Description
A vibrant and nutritious Roasted Vegetable & Chickpea Bowl featuring caramelized veggies, protein-rich chickpeas, and a creamy, tangy tahini dressing. This wholesome bowl is perfect for a quick, healthy meal packed with flavors and textures.
Ingredients
Scale
Roasted Vegetables & Chickpeas
- 1 cup chickpeas, drained and rinsed
- 1 zucchini, sliced
- 1 red bell pepper, chopped
- 1 cup cherry tomatoes, halved
- 1 small red onion, sliced
- 2 tablespoons olive oil
- 1 teaspoon ground cumin
- 1/2 teaspoon smoked paprika
- Salt and pepper to taste
Base
- 1 cup cooked quinoa or brown rice
Tahini Dressing
- 3 tablespoons tahini
- 1 tablespoon lemon juice
- 1 teaspoon maple syrup or honey
- 1 clove garlic, minced
- 2-3 tablespoons water (to thin)
- Salt to taste
Instructions
- Preheat oven: Set your oven to 400°F (200°C) to prepare for roasting the vegetables and chickpeas evenly.

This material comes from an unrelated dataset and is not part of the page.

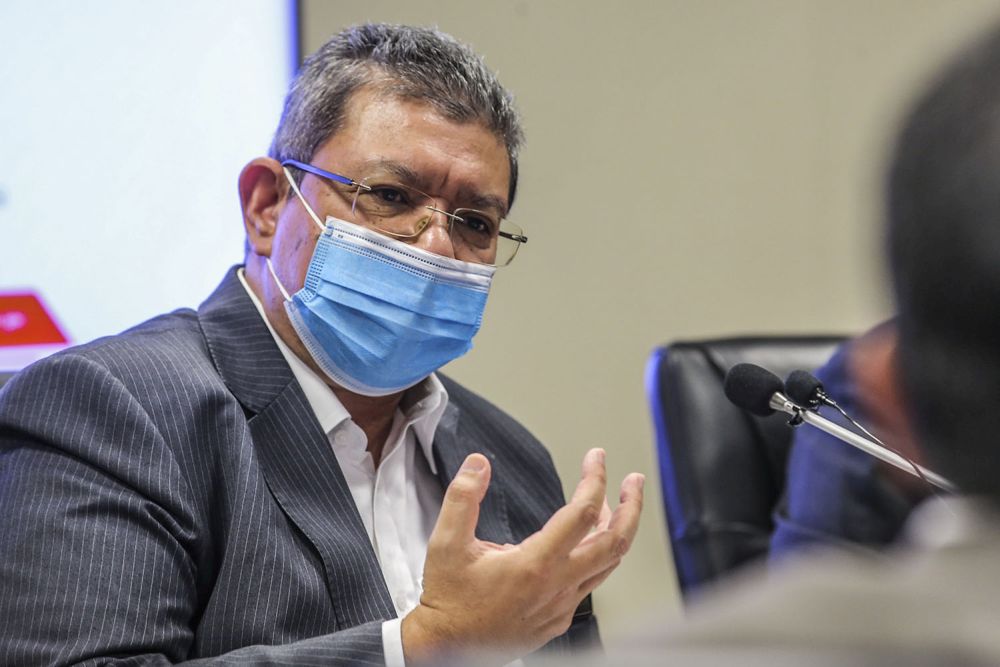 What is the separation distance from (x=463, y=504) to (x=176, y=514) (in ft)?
1.21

- Prepare vegetables and chickpeas: In a large bowl, combine the chickpeas, sliced zucchini, chopped red bell pepper, halved cherry tomatoes, and sliced red onion. Drizzle with olive oil and season with ground cumin, smoked paprika, salt, and pepper. Toss well to coat all ingredients thoroughly.

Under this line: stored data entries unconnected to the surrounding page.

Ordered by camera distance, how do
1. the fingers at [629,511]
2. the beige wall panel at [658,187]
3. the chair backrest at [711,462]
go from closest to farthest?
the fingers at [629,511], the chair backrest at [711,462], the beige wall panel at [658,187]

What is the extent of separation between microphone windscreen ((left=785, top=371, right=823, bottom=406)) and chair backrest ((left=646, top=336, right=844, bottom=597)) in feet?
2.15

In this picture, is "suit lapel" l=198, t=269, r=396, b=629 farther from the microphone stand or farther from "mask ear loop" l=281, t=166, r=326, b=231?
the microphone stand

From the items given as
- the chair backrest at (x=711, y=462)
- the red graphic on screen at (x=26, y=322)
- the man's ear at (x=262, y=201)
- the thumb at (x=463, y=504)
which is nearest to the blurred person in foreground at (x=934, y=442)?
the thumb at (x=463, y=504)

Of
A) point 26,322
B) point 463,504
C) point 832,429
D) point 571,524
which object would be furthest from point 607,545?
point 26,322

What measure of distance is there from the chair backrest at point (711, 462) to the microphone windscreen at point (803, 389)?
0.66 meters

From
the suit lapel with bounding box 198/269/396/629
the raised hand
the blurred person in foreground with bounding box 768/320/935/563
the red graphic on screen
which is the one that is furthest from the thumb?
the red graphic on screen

- Roast the mixture: Spread the seasoned vegetables and chickpeas evenly on a baking sheet. Place in the preheated oven and roast for 20-25 minutes, stirring halfway through cooking to ensure even caramelization and tenderness.

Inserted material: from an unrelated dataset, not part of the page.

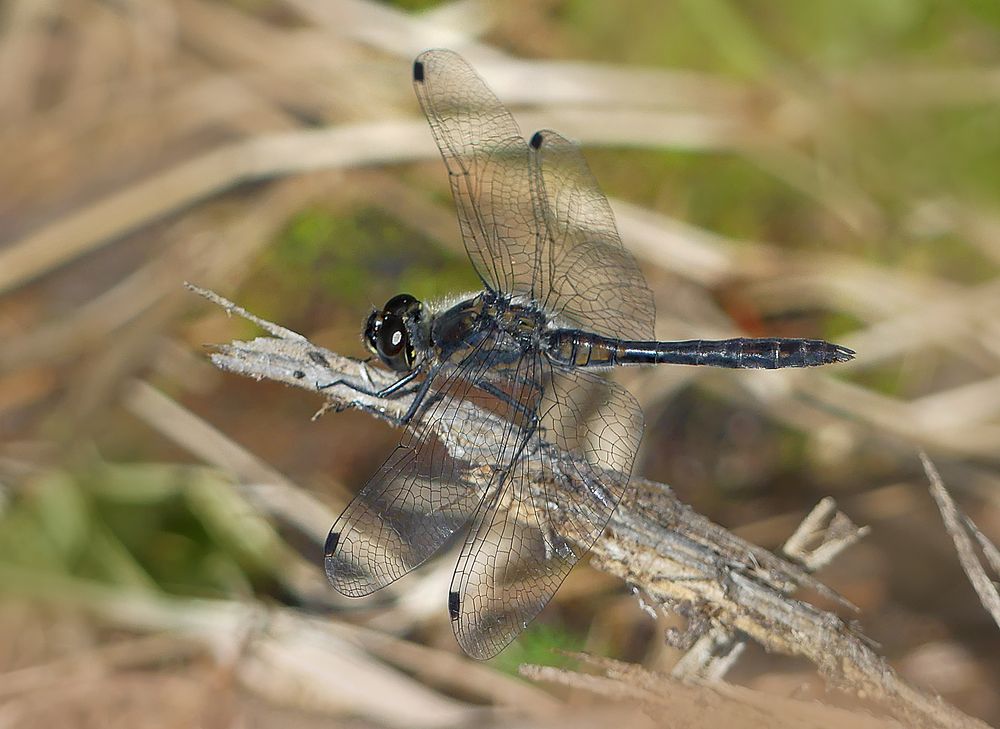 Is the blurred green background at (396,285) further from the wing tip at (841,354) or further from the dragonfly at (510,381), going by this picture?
the wing tip at (841,354)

- Make tahini dressing: While the vegetables roast, whisk together tahini, lemon juice, maple syrup or honey, minced garlic, and salt in a small bowl. Gradually add 2-3 tablespoons of water until the dressing reaches a smooth, pourable consistency.
- Assemble the bowl: Divide cooked quinoa or brown rice between two bowls. Top each with the roasted vegetable and chickpea mixture. Drizzle the tahini dressing over the top for added creaminess and flavor.
- Serve and enjoy: Enjoy the bowl warm or at room temperature, making it a versatile and satisfying meal option.
Notes
- Use chickpeas canned or freshly cooked for convenience.
- You can substitute quinoa with brown rice or any preferred grain.
- The tahini dressing can be adjusted in thickness by adding more or less water.
- For extra protein, consider adding some grilled chicken or tofu.
- Roasting time may vary slightly depending on oven accuracy; vegetables should be tender and slightly caramelized.